Longboarding is one of the latest trends to activate the ire – and municipal actions – of many in Surrey and White Rock.
Despite bans, longboarders still find areas to practise their sport on the Peninsula and beyond.
In the neighbourhoods where it’s popular, residents will tell you longboarders are foul-mouthed, cheeky youth who leave nothing but trash behind and endanger their own lives as well as the safety of drivers, pedestrians, and other roadway users.
Some say it’s the culture and related potentially unhealthy activities that longboarding apparently triggers.
I’m just wondering why longboarding is being singled out by municipal councils as an activity to be banned. Didn’t everyone say the same things about regular skateboarding when it became popular years ago? How about snowboarding?
Bicyclists are unsafe on our local roads every single day. So are scooter riders. And motorcyclists. People who participate in these activities are often injured or even killed, whether due to their own unsafe actions or due to others’.
How about pick-up hockey games and the beer and potential unhealthy and/or illegal activities related to this Canadian sport? People get injured during recreational hockey games all the time – some so seriously, they end up in a wheelchair for the rest of their lives.
So why isn’t playing hockey banned?
In my experience, youth riding longboards are simply trying to improve their level of expertise at this sport; most are polite and safety-aware – some groups will appoint a spotter, for example. All the longboarders I’ve encountered wear helmets and many wear other protective gear as well.

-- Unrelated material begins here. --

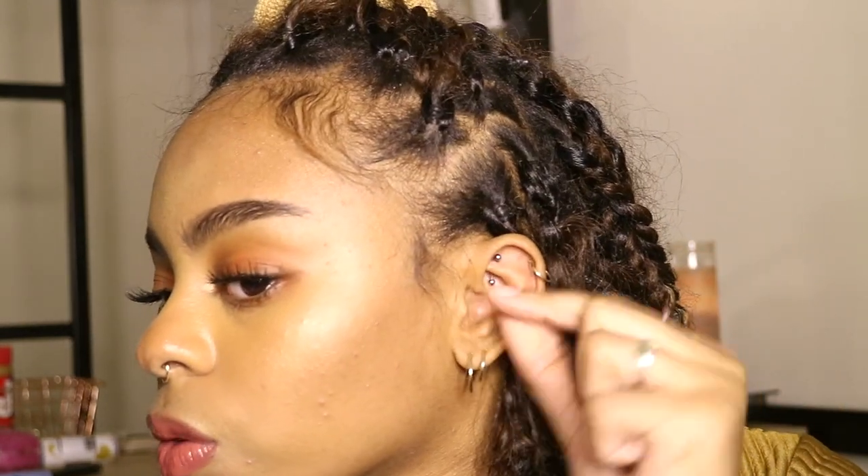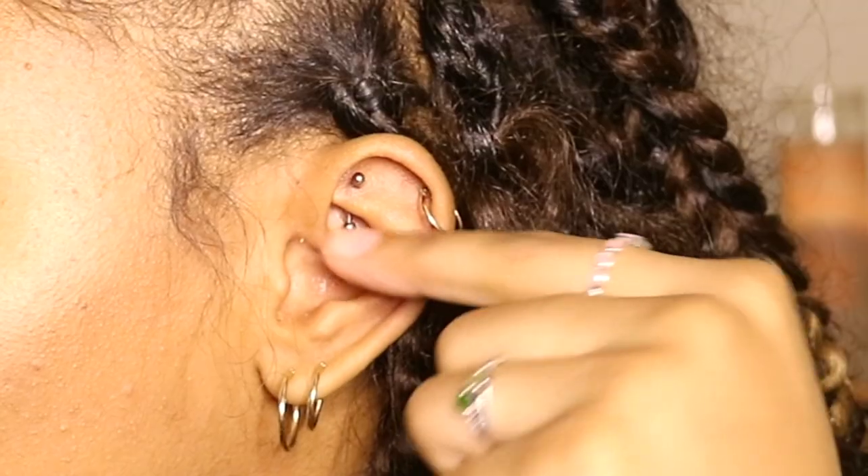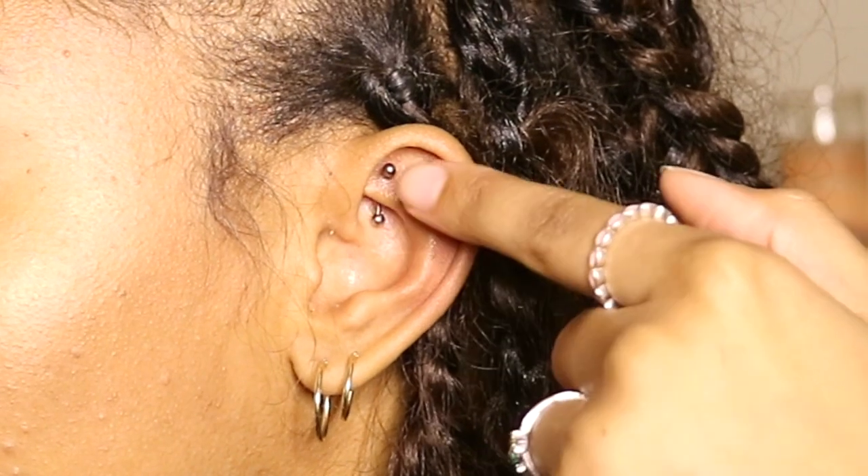Pro tip: the rook often gets confused with the daith piercing. The daith is known for helping with headaches and migraines, so a lot of people get it for that reason. But a rook piercing is not the same as a daith — it hasn't really done anything for my migraines. The daith is on a different part of the ear, and the rook is on the higher part. The part of my ear where the daith would go isn't that prominent anyway.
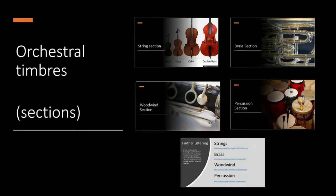Hello and welcome back. In this lesson we're going to look at orchestral timbres. An orchestra is usually divided into four different sections: the string section, brass section, woodwind section, and percussion section.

Most do not appear to leave trash behind and many are helpful, whether giving directions to passing drivers or helping local residents locate and catch dogs who’ve escaped a nearby yard.
Would those banning the sport rather these youth be inside, on the couch, playing video games or texting on their computers, tablets or various other electronic devices?
Each week it seems there’s a new report about rising rates of obesity in youngsters. So why stop them from being active and doing something they love?
Many longboarding advocates say the key is education about safety on the roads. They’re right – but this is key for everyone, not just for longboarders.
Cyclists, scooter users, inline skaters and the many who use the sit-down scooters or other devices on busy roadways could all benefit from a focus on safety on the roads. So could regular skateboarders, longboarders and drivers. How about hockey players? Taking a look at arena safety couldn’t hurt.
Sure, longboarders don’t pay insurance to be on the roads the way drivers of vehicles do.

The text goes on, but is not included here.